• **What the exercise asks**: The task calls for the lines below from the line with "2er Set Barhocker" to the line with "Alternative Halloween Pumpkin", both ends included, copied exactly, without any pictures.

• **Extracted data**:
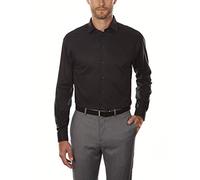 Kenneth Cole Unlisted by Men's Solid Dress Shirts, Black, 17"-17.5" Neck 36"-37" Sleeve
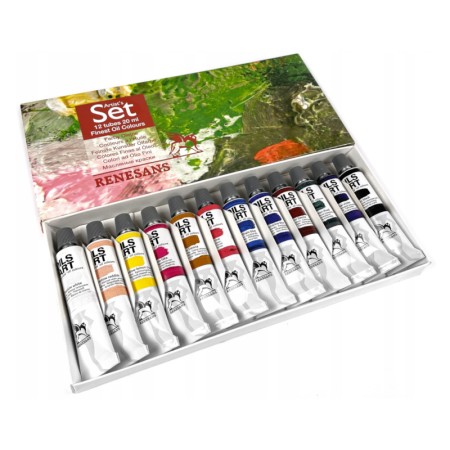 Zestaw farb olejnych RENESANS Oils Art - 20 ml - 12 kolorów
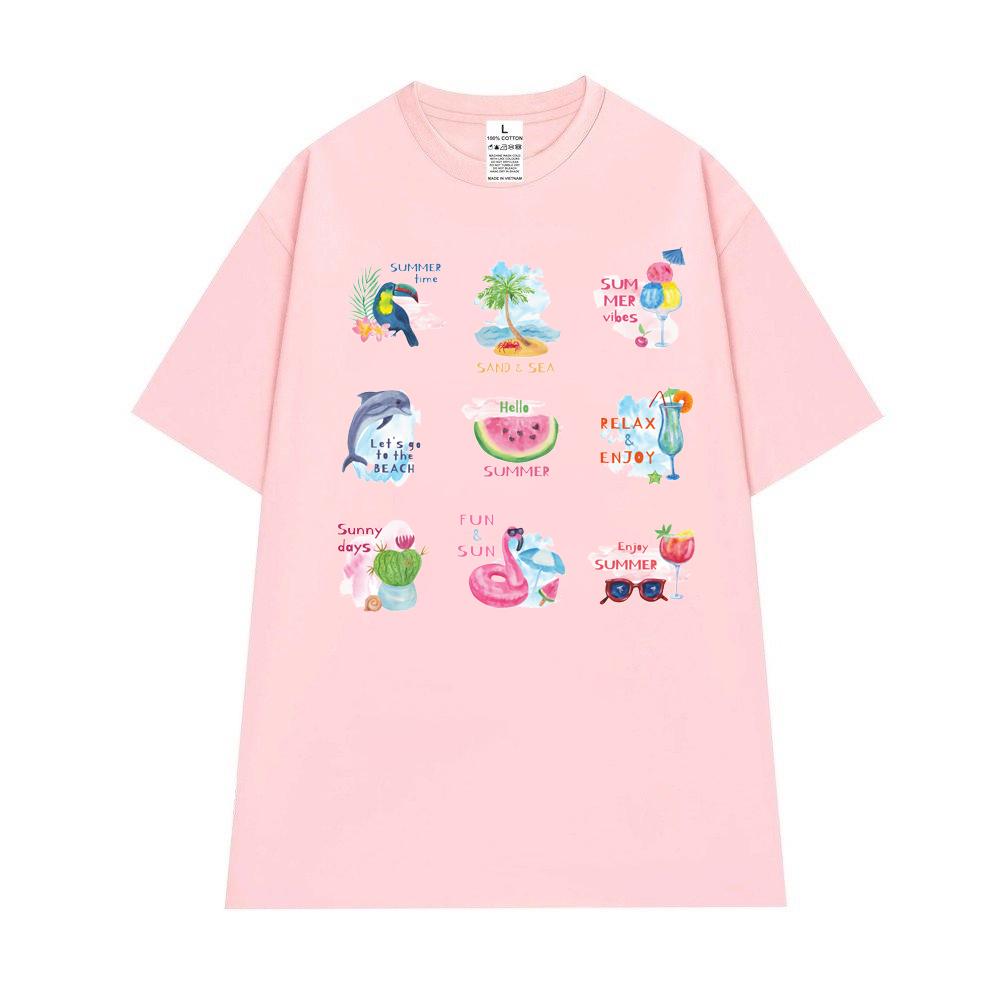 Cao cấp - Áo thun unisex Summer time chim Toucan cá voi cá ngựa với các hoạt tiết vui nhộn áo over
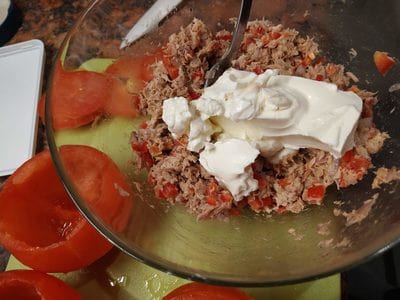 Add 2 tablespoons of cream cheese Cheese Cream Tuna Stuffed Tomatoes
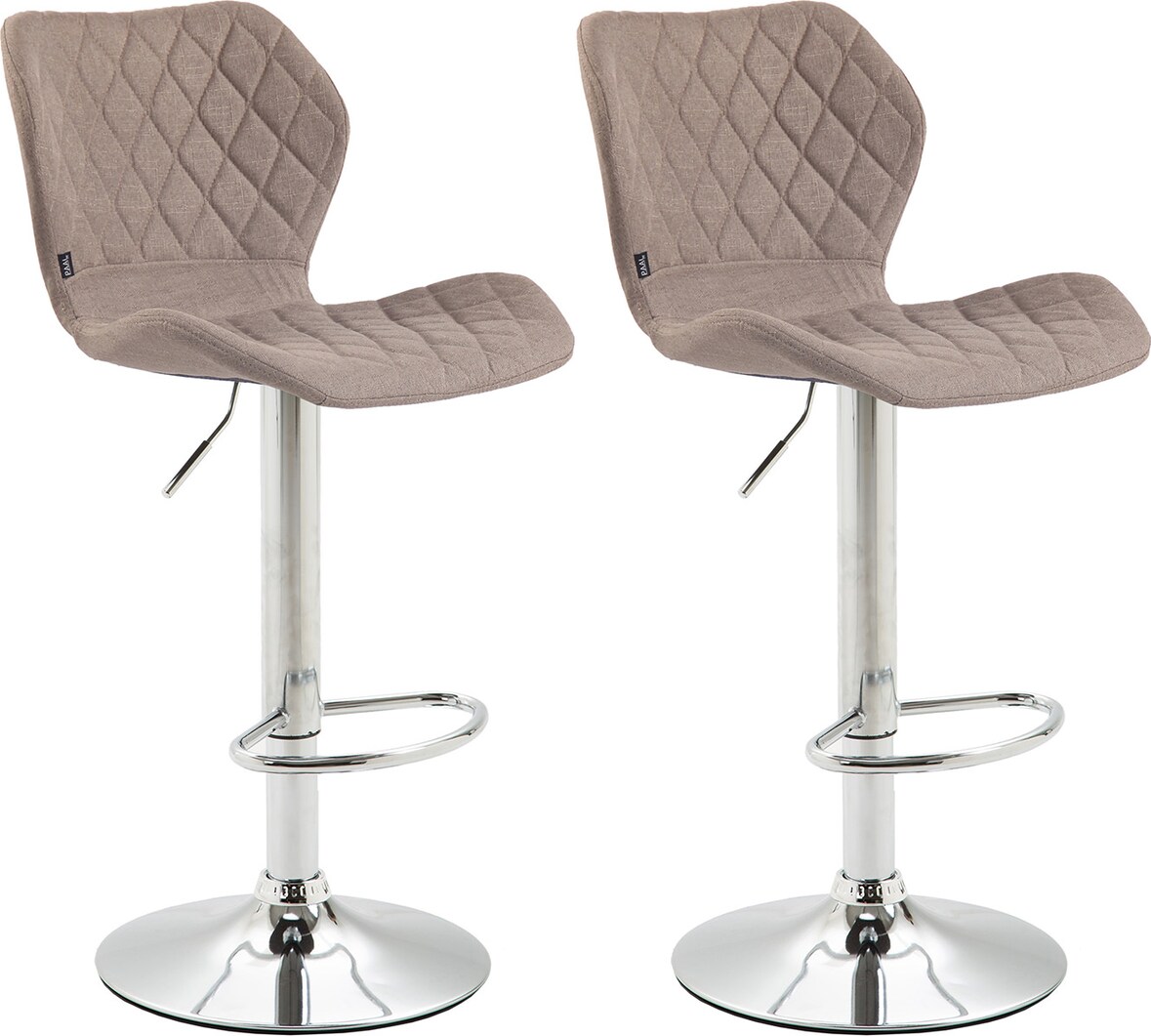 2er Set Barhocker DIBEL - Stoff Taupe 47x51x88 cm Silber | Barstuhl Höhenverstellbar Mit Lehne Drehbar Tresenhocker Tresenstuhl Kneipenhocker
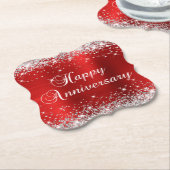 Funkelnd Silberner Glitzer Roter Film glücklicher  Untersetzer (angewinkelt)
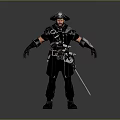 Mechanical Pirate Game Movie Character in Black Outfit with Hat and Sword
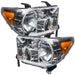Angled view of 2007-2013 Toyota Tundra Pre-Assembled Halo Headlights - Chrome Housing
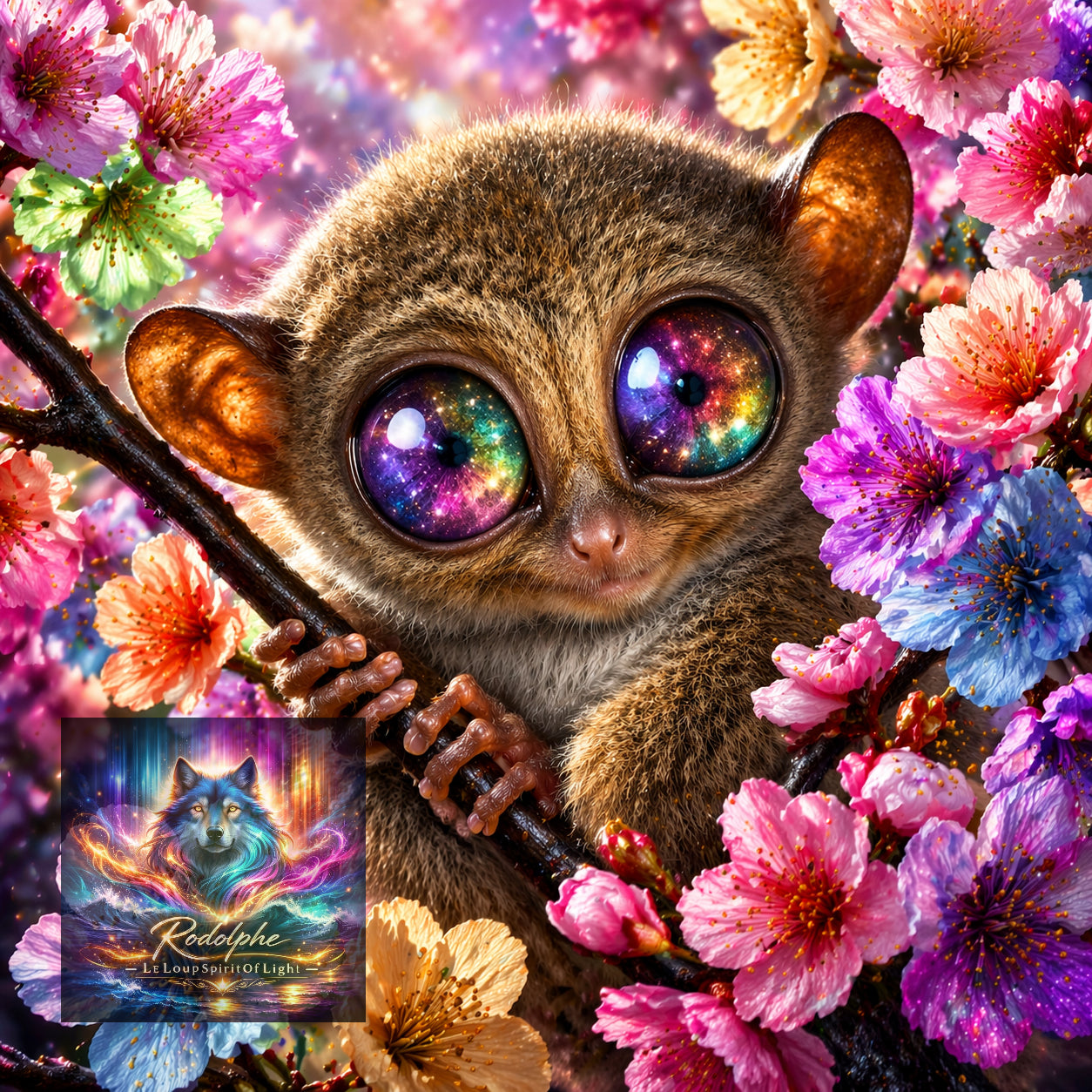 Tarsier aux fleurs de cerisiers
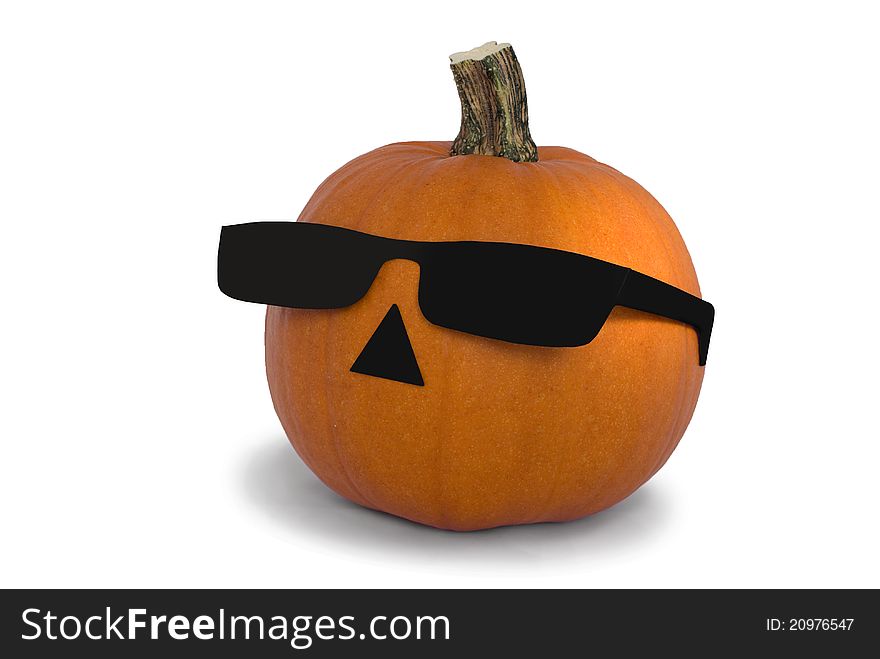 Alternative Halloween Pumpkin with black sunglasses (you can paint a terrible smile or happy)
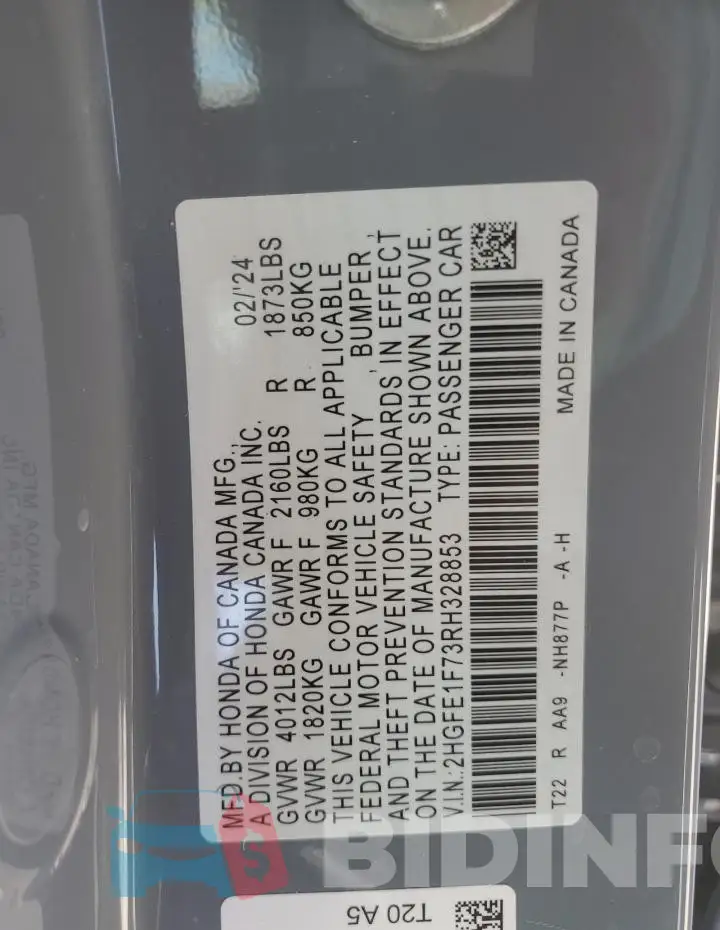 2HGFE1F73RH328853 Photo# 12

• **Response**:
 2er Set Barhocker DIBEL - Stoff Taupe 47x51x88 cm Silber | Barstuhl Höhenverstellbar Mit Lehne Drehbar Tresenhocker Tresenstuhl Kneipenhocker
 Funkelnd Silberner Glitzer Roter Film glücklicher  Untersetzer (angewinkelt)
 Mechanical Pirate Game Movie Character in Black Outfit with Hat and Sword
Angled view of 2007-2013 Toyota Tundra Pre-Assembled Halo Headlights - Chrome Housing
 Tarsier aux fleurs de cerisiers
 Alternative Halloween Pumpkin with black sunglasses (you can paint a terrible smile or happy)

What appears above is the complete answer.